(Stored data entries)
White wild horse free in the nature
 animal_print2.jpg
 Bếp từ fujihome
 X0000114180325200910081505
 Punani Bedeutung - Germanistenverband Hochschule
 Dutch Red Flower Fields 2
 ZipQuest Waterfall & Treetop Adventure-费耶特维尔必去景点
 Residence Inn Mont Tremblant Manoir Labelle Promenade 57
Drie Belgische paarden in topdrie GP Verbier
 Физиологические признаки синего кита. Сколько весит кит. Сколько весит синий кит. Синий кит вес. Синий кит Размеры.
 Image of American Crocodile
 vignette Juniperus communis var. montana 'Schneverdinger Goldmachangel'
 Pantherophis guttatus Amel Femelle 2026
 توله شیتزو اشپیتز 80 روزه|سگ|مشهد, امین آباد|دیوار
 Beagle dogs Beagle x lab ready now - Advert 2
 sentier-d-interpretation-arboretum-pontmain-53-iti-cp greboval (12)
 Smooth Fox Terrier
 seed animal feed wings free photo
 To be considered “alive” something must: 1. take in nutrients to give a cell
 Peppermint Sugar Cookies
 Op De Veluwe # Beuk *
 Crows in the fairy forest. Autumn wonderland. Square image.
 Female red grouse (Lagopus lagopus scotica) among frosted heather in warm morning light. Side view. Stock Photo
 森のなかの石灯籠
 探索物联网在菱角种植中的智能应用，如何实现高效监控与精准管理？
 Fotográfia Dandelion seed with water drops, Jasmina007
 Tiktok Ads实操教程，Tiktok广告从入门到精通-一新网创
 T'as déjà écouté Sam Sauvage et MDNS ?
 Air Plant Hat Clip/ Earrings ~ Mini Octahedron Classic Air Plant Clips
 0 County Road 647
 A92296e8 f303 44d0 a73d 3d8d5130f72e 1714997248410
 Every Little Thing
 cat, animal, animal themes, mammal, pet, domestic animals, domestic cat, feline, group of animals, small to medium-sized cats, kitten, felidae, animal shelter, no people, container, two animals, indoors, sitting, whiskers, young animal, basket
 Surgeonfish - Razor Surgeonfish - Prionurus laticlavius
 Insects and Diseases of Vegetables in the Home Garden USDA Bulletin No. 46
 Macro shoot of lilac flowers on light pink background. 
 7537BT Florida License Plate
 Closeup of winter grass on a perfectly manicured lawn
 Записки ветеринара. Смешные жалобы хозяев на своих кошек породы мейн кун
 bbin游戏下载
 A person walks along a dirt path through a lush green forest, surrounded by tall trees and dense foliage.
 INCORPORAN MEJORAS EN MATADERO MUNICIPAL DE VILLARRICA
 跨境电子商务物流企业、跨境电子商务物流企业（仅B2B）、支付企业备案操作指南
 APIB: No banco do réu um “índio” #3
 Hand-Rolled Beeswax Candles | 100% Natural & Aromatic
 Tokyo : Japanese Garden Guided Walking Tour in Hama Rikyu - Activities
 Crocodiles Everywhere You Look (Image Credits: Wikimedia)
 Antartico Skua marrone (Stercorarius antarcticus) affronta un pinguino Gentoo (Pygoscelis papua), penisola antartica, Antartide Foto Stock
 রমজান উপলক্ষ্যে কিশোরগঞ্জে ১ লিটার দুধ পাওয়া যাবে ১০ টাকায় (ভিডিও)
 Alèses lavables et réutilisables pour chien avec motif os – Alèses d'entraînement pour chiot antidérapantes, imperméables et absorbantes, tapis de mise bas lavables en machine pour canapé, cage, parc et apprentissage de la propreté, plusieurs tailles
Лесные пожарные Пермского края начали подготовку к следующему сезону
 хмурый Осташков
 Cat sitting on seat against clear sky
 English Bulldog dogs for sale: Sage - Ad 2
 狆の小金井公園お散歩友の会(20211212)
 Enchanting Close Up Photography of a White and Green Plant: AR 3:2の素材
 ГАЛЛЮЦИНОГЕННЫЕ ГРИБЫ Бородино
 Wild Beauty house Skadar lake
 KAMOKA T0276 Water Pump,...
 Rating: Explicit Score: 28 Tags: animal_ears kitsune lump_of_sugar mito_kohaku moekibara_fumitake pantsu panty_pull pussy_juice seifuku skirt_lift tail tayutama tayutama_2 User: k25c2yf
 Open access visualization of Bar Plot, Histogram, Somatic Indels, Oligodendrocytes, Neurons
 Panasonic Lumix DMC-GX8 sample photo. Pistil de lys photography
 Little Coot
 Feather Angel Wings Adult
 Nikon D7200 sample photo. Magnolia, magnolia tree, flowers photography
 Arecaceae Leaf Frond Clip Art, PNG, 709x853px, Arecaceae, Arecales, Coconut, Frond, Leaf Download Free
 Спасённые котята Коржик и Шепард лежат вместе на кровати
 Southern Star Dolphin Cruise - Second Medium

WHAT YOU SHOULD DO: The answer must be every line from the entries above that holds the string "Clip".

ANSWER:
 Air Plant Hat Clip/ Earrings ~ Mini Octahedron Classic Air Plant Clips
 Arecaceae Leaf Frond Clip Art, PNG, 709x853px, Arecaceae, Arecales, Coconut, Frond, Leaf Download Free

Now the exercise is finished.